[MATERIAL SHOWN — start]

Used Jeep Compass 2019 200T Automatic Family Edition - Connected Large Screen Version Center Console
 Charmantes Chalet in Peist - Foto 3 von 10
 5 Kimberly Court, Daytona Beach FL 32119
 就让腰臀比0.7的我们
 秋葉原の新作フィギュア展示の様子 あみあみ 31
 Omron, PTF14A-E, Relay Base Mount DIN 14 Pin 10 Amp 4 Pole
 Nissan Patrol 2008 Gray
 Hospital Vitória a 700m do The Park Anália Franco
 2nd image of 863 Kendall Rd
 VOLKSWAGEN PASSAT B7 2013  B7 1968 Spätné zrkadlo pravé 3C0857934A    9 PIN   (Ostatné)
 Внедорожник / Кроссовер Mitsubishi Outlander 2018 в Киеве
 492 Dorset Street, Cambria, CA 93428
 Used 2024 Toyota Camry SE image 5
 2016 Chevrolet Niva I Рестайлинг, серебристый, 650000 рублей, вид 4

[MATERIAL SHOWN — finish]

▸ PROBLEM DESCRIPTION: An exact repetition of all the entries is required.

▸ RESPONSE BELOW:
Used Jeep Compass 2019 200T Automatic Family Edition - Connected Large Screen Version Center Console
 Charmantes Chalet in Peist - Foto 3 von 10
 5 Kimberly Court, Daytona Beach FL 32119
 就让腰臀比0.7的我们
 秋葉原の新作フィギュア展示の様子 あみあみ 31
 Omron, PTF14A-E, Relay Base Mount DIN 14 Pin 10 Amp 4 Pole
 Nissan Patrol 2008 Gray
 Hospital Vitória a 700m do The Park Anália Franco
 2nd image of 863 Kendall Rd
 VOLKSWAGEN PASSAT B7 2013  B7 1968 Spätné zrkadlo pravé 3C0857934A    9 PIN   (Ostatné)
 Внедорожник / Кроссовер Mitsubishi Outlander 2018 в Киеве
 492 Dorset Street, Cambria, CA 93428
 Used 2024 Toyota Camry SE image 5
 2016 Chevrolet Niva I Рестайлинг, серебристый, 650000 рублей, вид 4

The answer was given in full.